Last week I read an interesting paper by Bob Rodriguez: "Statistical Model Building for Large, Complex Data: Five New Directions in SAS/STAT Software." In it, Rodriguez summarizes five modern techniques for building predictive models and highlights recent SAS/STAT procedures that implement those techniques. The paper discusses the following high-performance (HP) procedures in SAS/STAT software:
- The GLMSELECT procedure builds parsimonious linear regression models. This procedure supports modern effect selection techniques such as LASSO, LAR, and the elastic net. (Technically, the GLMSELECT procedure pre-dates the HP procedures. However, it is multithreaded. The HPREG procedure provides similar functionality in a distributed environment.)
- The HPGENSELECT procedure builds generalized linear models such as Poisson models, zero-inflated models, Tweedie models, and more. The procedure supports the selection of effects.
- The QUANTSELECT procedure builds quantile regression models and features effect selection.
- The GAMPL procedure fits generalized additive models. I have previously shown the power of the GAMPL procedure to fit binary response data.
- The HPSPLIT procedure builds classification and regression trees. Tree-based procedures are a popular choice when you want a nonparametric model that is interpretable in terms of business rules.
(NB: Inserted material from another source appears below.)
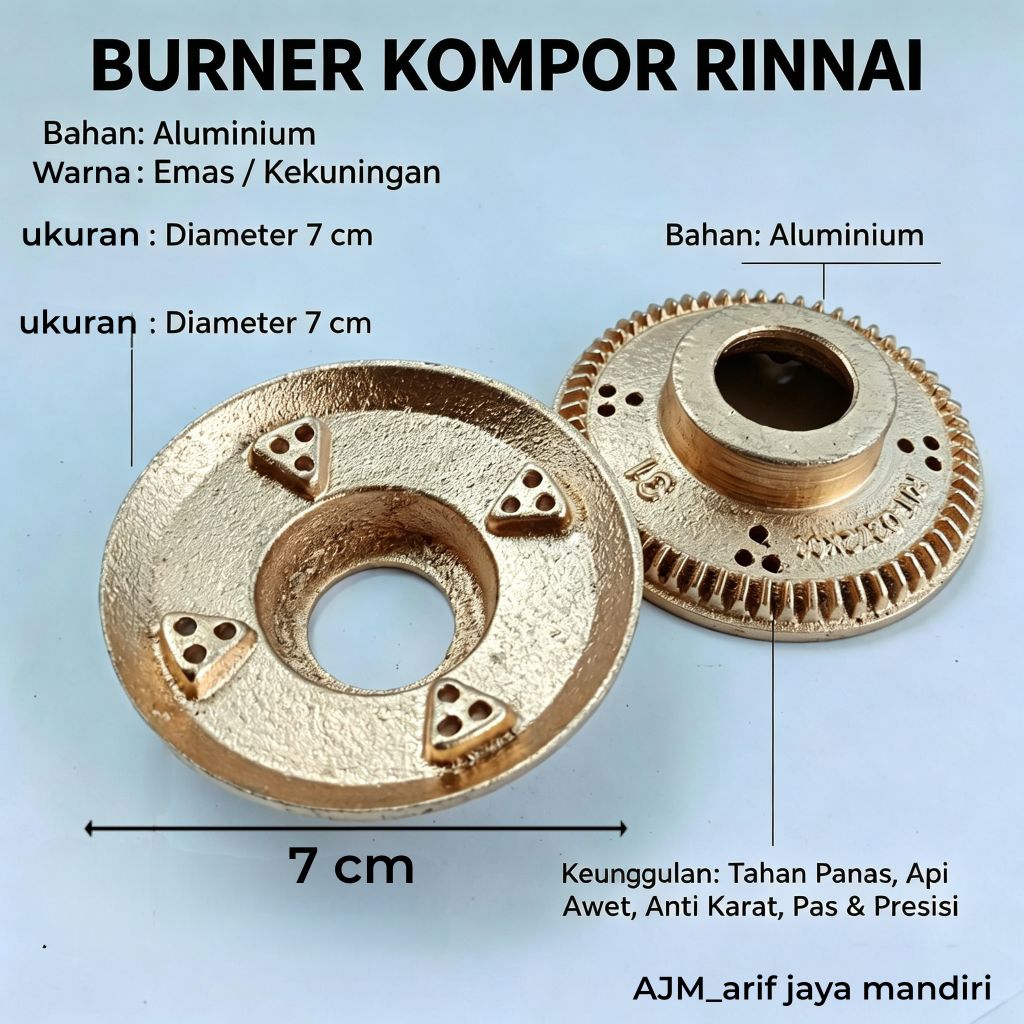 BURNER kompor gas rinnai sumbu kompor rinnai 2 tungku 1 tungku kecil burner RK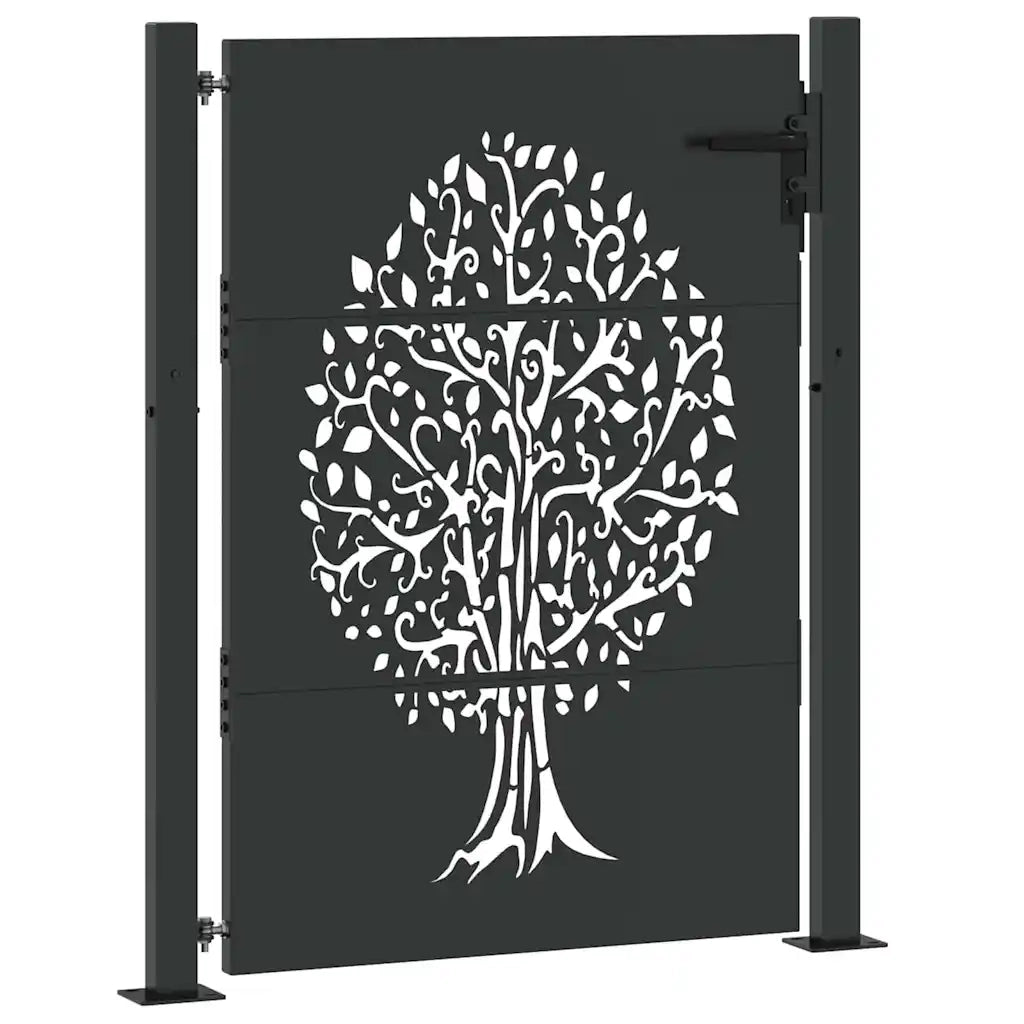 Cancello da giardino con blocco Nero 110 x 155 cm CFW3003709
If you are unfamiliar with these newer procedures, I encourage you to read the Rodriguez paper. Although they are designed for distributed computations, you can also run these procedures in single-machine mode.Five procedures for building statistical models in #SAS for large complex data Click To Tweet
Thoughts on the "SELECT" procedures
The GLMSELECT, HPGENSELECT, and (HP)QUANTSELECT procedures support choosing a small number of effects from among a large list of possible effects. Some statisticians call these "variable selection" procedures, but "effect selection" is a more appropriate term because an important use case is to use the procedures to select important interaction effects from the list of all second order interactions. Regardless of what you call them, the procedures automatically select a small number of effects that provide a good predictive model from among hundreds or thousands of possible effects. You can either accept the selected model or use traditional modeling techniques to refine the model from among the selected candidate effects.
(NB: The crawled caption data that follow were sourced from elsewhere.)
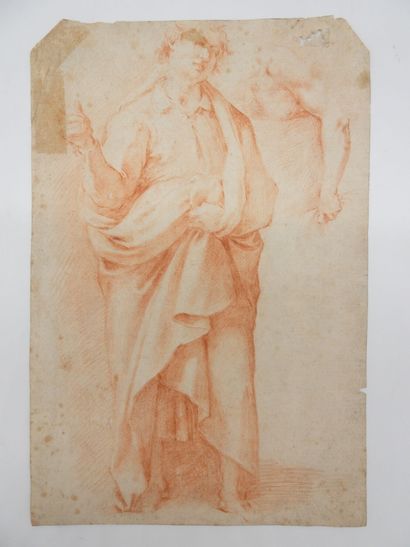 null ITALIAN SCHOOL OF THE XVIIth CENTURY: Study of character and drapery. Drawing...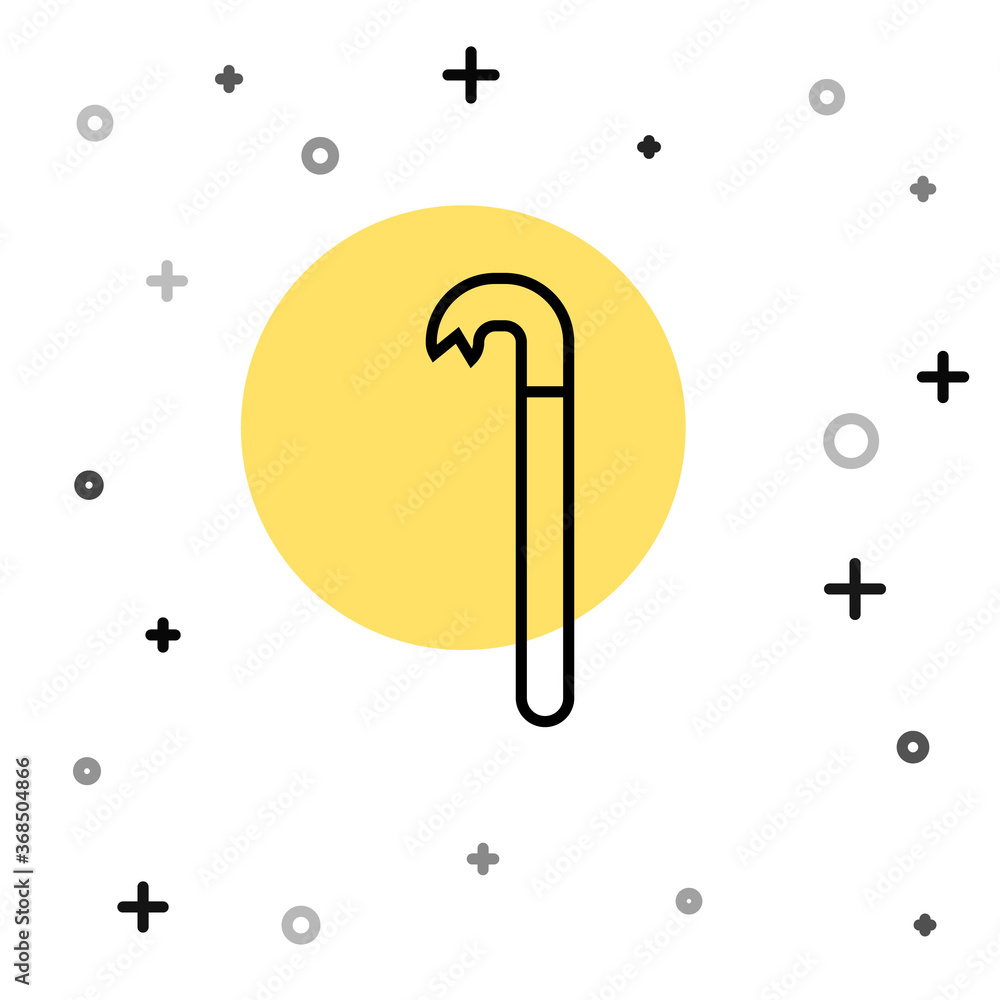 Poster black line crowbar icon isolated on white background. random dynamic shapes. vector illustration.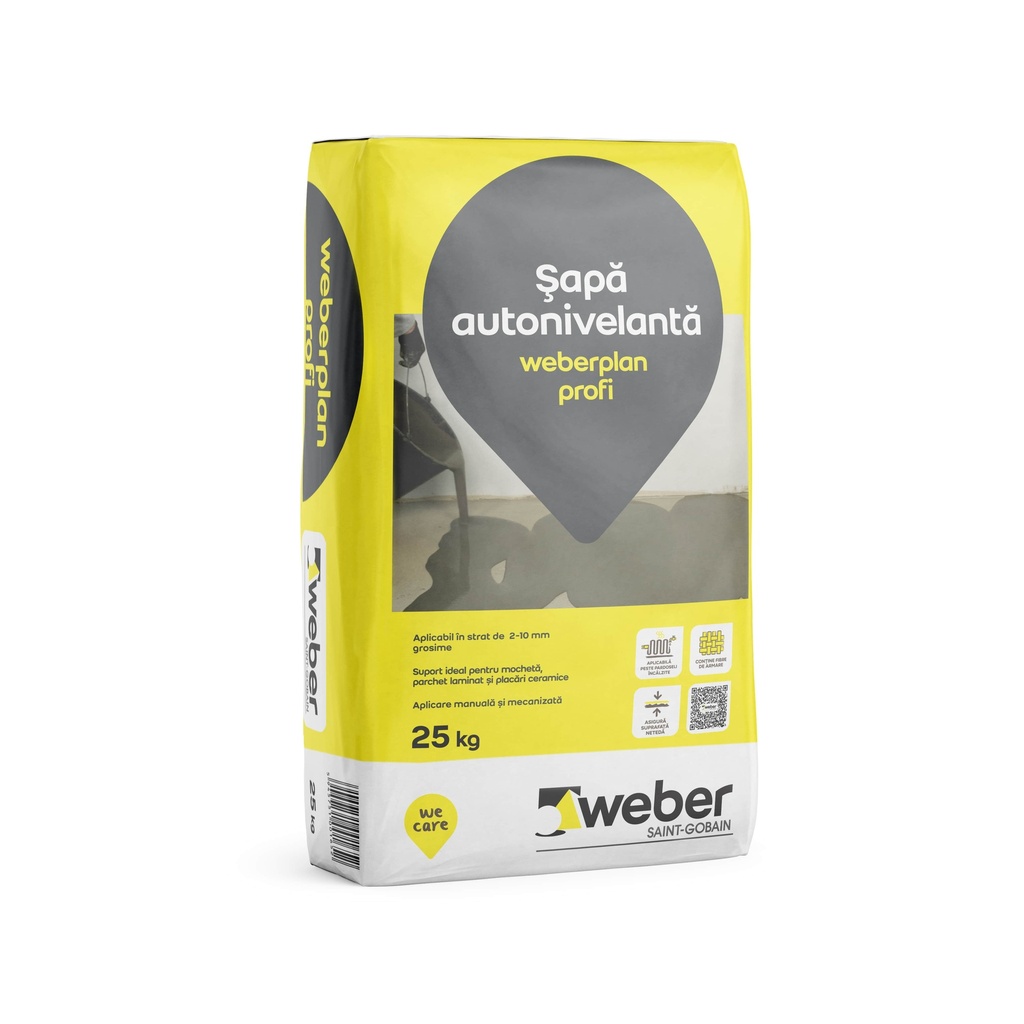 Șapă autonivelantă pentru nivelare Plan Profi, sac de hârtie, 2-10mm, 25kg 48saci/pal Weber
While thinking about the use of the word "SELECT" in the names of these procedures, it occurred to me that there is another SAS/STAT procedure that contains the word SELECT, and that is the SURVEYSELECT procedure. However, the SURVEYSELECT procedure is different in that it randomly selects observations (rows in the design matrix) whereas the previous procedures select variables (columns in the design matrix).
This is not the only example of this observation-variable dichotomy in SAS/STAT. The cluster procedures all have "CLUS" as part of their names. The ACECLUS, CLUSTER, FASTCLUS, and MODECLUS procedures all attempt to group observations into clusters. However, the VARCLUS procedure is a dimension reduction technique that groups variables together.